Caption-style text data

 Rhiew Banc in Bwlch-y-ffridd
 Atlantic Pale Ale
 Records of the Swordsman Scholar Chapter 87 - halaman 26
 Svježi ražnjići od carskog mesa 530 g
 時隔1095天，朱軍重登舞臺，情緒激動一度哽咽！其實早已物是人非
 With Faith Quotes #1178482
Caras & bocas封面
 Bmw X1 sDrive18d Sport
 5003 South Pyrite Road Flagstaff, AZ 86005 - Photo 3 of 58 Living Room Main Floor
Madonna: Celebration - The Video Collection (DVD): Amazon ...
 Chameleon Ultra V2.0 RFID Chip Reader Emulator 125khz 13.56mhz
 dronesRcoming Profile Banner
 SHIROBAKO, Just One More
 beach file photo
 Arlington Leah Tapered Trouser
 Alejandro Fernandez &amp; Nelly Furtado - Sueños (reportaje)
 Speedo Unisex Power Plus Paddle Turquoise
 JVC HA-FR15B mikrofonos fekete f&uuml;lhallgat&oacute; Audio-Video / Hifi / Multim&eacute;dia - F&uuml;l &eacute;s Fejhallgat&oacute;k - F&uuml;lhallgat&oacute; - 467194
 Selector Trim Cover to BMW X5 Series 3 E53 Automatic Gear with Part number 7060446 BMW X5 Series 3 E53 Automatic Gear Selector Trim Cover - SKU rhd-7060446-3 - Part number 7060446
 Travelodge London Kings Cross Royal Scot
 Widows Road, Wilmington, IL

**Problem statement:** Using the records above, please repeat the line with "Selector Trim Cover to" and every line after it exactly, and give no other text.

**Task response:**
 Selector Trim Cover to BMW X5 Series 3 E53 Automatic Gear with Part number 7060446 BMW X5 Series 3 E53 Automatic Gear Selector Trim Cover - SKU rhd-7060446-3 - Part number 7060446
 Travelodge London Kings Cross Royal Scot
 Widows Road, Wilmington, IL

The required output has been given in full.